- **Input for this task**

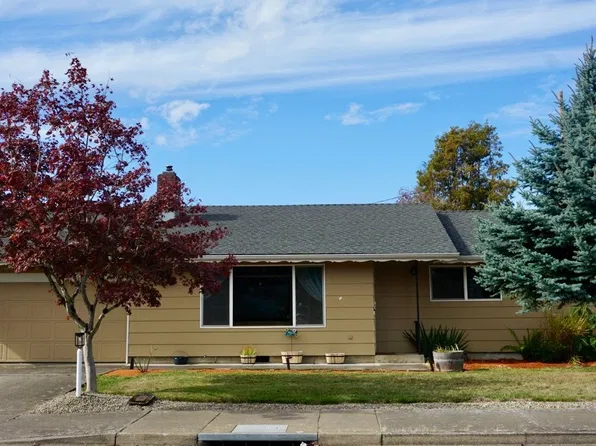 2484 19th St, Springfield, OR 97477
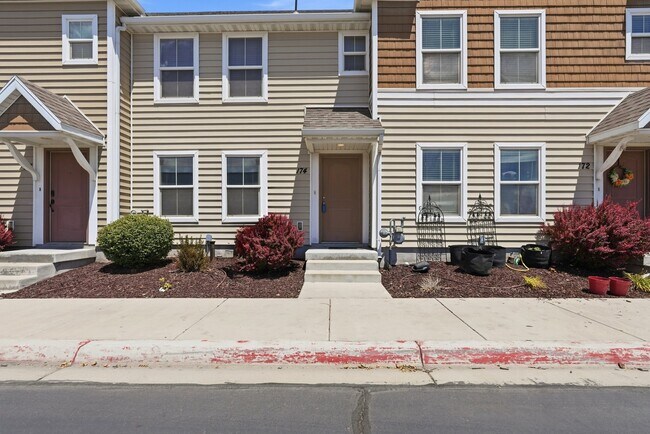 Building Photo - 174 Finlay Dr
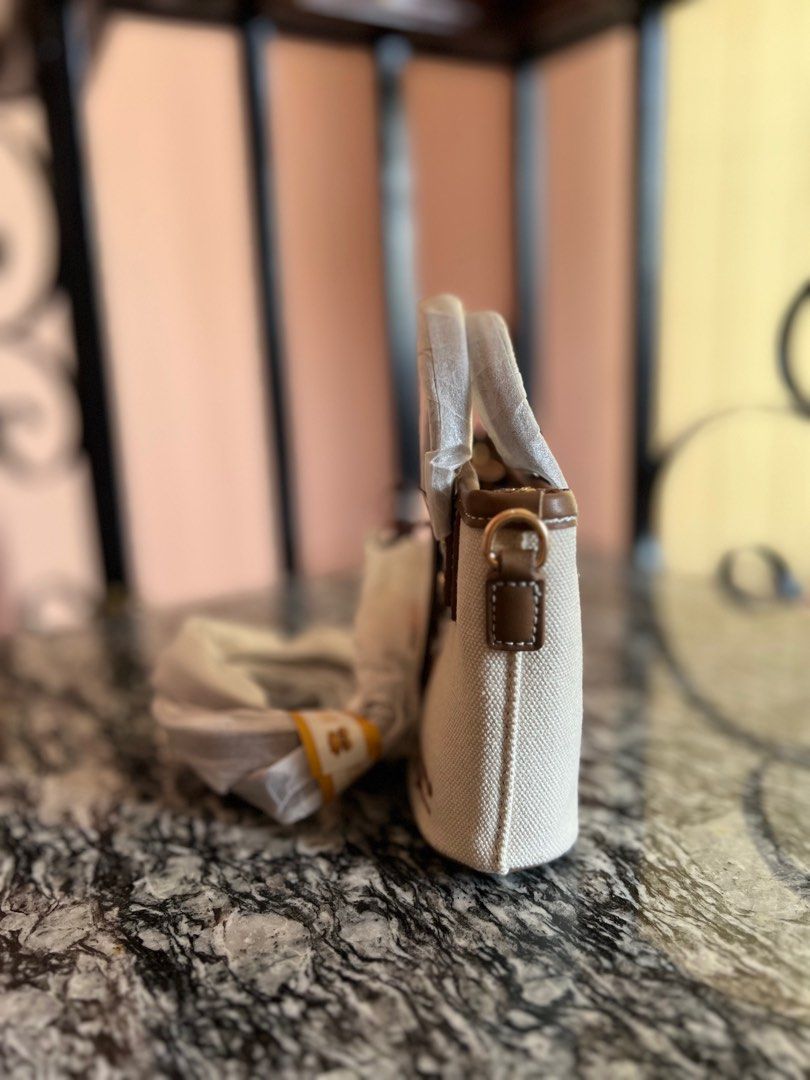 Brandnew TTWN & Bear Mini Sling Bag (Category: Cross-body Bags) located in Imus. Submitted by thefluffymomma (Listing ID 1416515884, Image 3). Description: Brandnew TTWN & Bear Mini Sling Bag 🏷️ ₱999 only Hindi kasya phone. Fits cardholder, lippies, airpods, bills, etc. Location: Imus, Cavite MOP: Gcash, BPI MOD: J&T or Lalamove (SF c/o buyer).
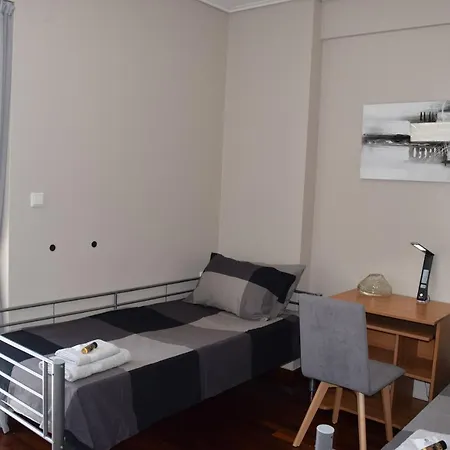 Modern Close To Sea And Town Centre Apartment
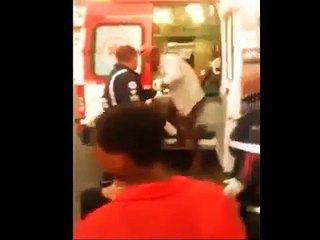 Un couteau enfoncé dans son dos et ce gars ne pense qu'à ses canettes ....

- **Task objective**
Leave out the pictures and output the rest of the records exactly.

- **Response**
 2484 19th St, Springfield, OR 97477
 Building Photo - 174 Finlay Dr
 Brandnew TTWN & Bear Mini Sling Bag (Category: Cross-body Bags) located in Imus. Submitted by thefluffymomma (Listing ID 1416515884, Image 3). Description: Brandnew TTWN & Bear Mini Sling Bag 🏷️ ₱999 only Hindi kasya phone. Fits cardholder, lippies, airpods, bills, etc. Location: Imus, Cavite MOP: Gcash, BPI MOD: J&T or Lalamove (SF c/o buyer).
 Modern Close To Sea And Town Centre Apartment
 Un couteau enfoncé dans son dos et ce gars ne pense qu'à ses canettes ....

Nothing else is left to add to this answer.